See, everyone has his or her vice(s), and my vice is traveling. I'm not sure it would truly qualify as a vice except that international travel - which is what interests me - is extremely expensive (I don't care what people are saying about travel bargains - I don't see the concept reflected in international airfares). Trent and I both traveled a lot when we were younger, and I, especially, became addicted to it. I love it: I love meeting new people, trying new foods and activities, and immersing myself in a different culture. For some warped reason, I also like being out of my element, a fish out of water. It scares and thrills me. I thrive on these experiences.
Staying at home? It makes me feel all wilted inside. To me, a "staycation" is about as exciting as a plateful of Brussels sprouts.
This is supposed to be the year we put ourselves on a short leash, the year we save and reduce debt and work and work and work. So far, so good. Our efforts are paying off. I can SEE our debt decreasing and I can SEE an increase in our savings, but this just makes the impulsive part of my brain shout, "HEY LOOK! You have some money! Don't you think you deserve a reward? A reward like a trip to Australia...or New Zealand...or Japan...or or or" and on and on, listing possibilities that we can't even remotely afford, even if we swim to these places and sleep in roach motels.

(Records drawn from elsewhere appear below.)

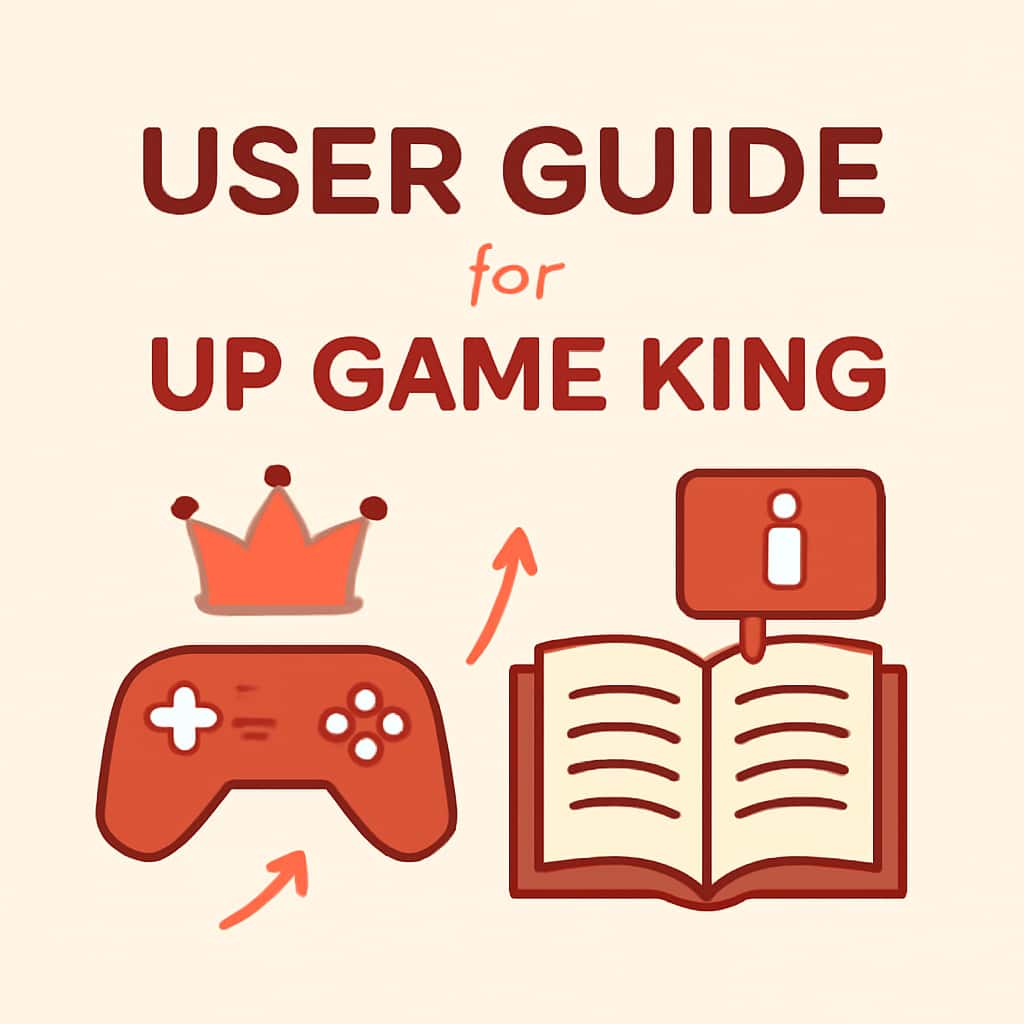Illustration explaining the installation process for Up Game King.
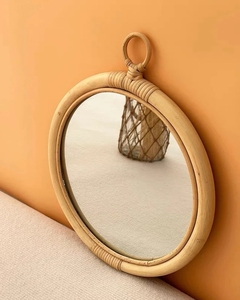 Espejos de Ratán Elegantes, Decoración de Pared de Ratán Natural Hecha a Mano para Sala de Estar, Venta al por Mayor, Personalizable, Artesanía Ecológica de Vietnam - Product Image 4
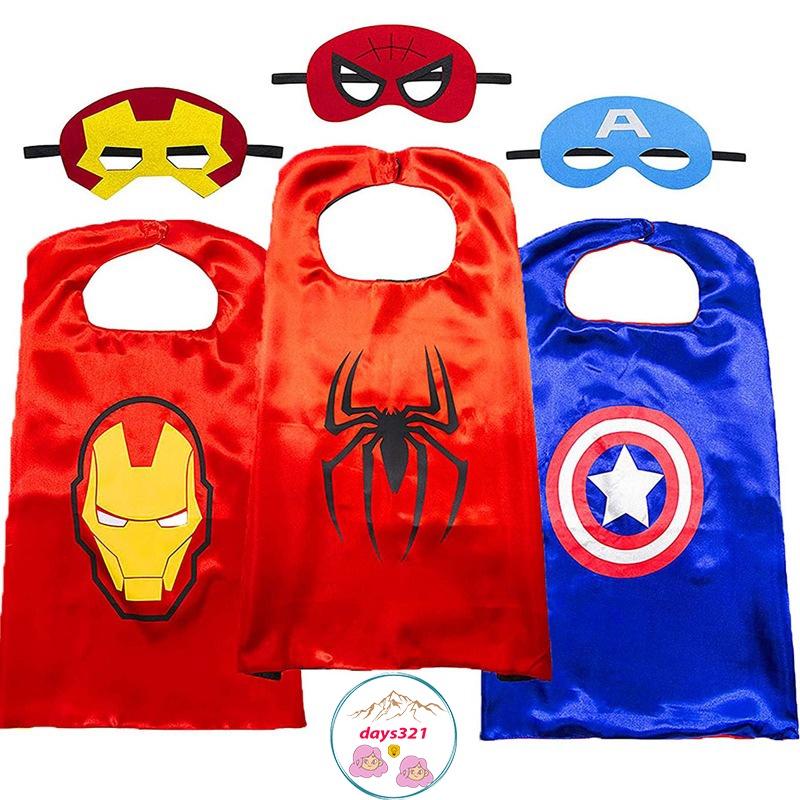 Bộ áo choàng và mặt nạ hoá trang người sắt IRONMAN cho bé trai và bé gái Đồ chơi siêu nhân Marvel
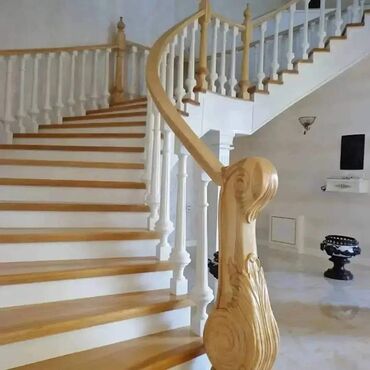 Tavan işləri: Taxta interyer işləmələri – tavan, divar və pilləkən - Material — 10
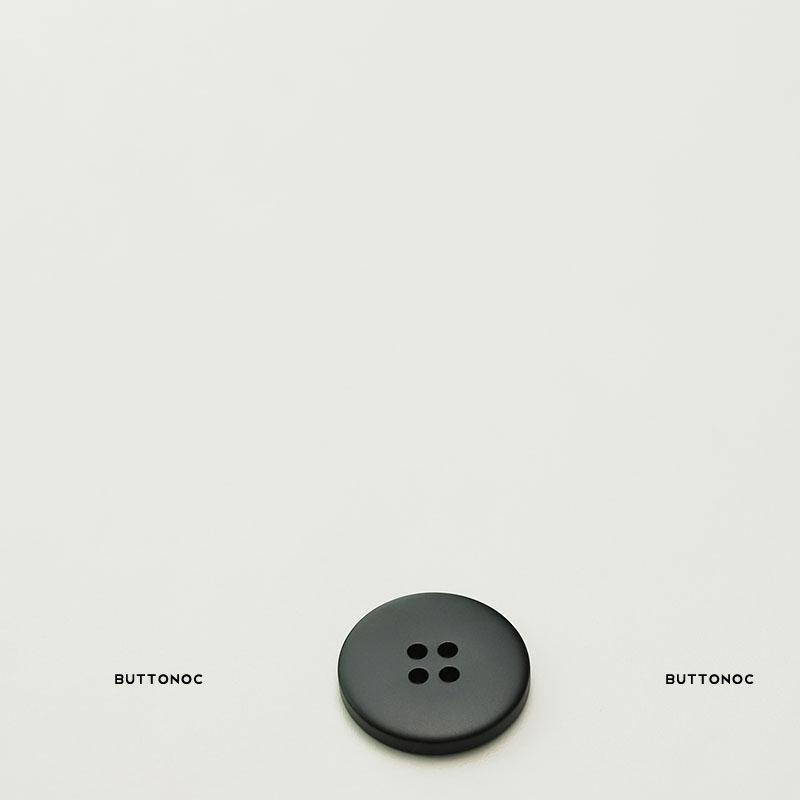 MOSN Reversible Wool/Fur Trench Coat Buttons: Four-hole, Thin-edged, Spray-painted, Multi-colored.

I really do understand what people are saying about making sacrifices now in order to ensure a comfortable future. I get it. On the flip side, I don't think the "You're only young once" argument is totally moot, either. When you're young, you're more likely to be healthy, and when you're healthy, travel is more enjoyable. When you're young, you might be more flexible about the quality of your accommodations. When you're young, perhaps you're a little less fearful (because to be honest, I, personally, have become a little more wary about my travel destinations with every passing year, especially now that I am a parent).
I can tell you that a lot of our credit card debt - the debt we're still paying off - accumulated as a result of some pretty fun vacations and adventures. Do I hate the debt? Yes. Do I regret any of my travel experiences? Absolutely not. To tell you the truth - and I know this may not be a very popular thing to say - they were worth every penny...and the interest, too.
That said, I have no desire to relapse into deep debt, so at this point, I am holding back. We have come a very long way in the last year, and I'm not going to deplete our savings or turn to my credit cards to fund a little getaway. Not right now. I need to look at this from a more long-term perspective. However, I also need to be realistic. There is absolutely. no. way. that we're not going to do some fun stuff, even as we are saving to sail. So my plan is this: once we pay off the credit card, we will save up for some sort of vacation - maybe not a jet-setting tour of Europe or Australia, but maybe we can find a good deal on something a little closer to home (in reality, Costa Rica isn't that far away, and it's supposed to be fairly inexpensive). Not only is that an incentive to keep paying down debt, but just the thought of such a possibility on the horizon may be enough to keep me out of the loony bin.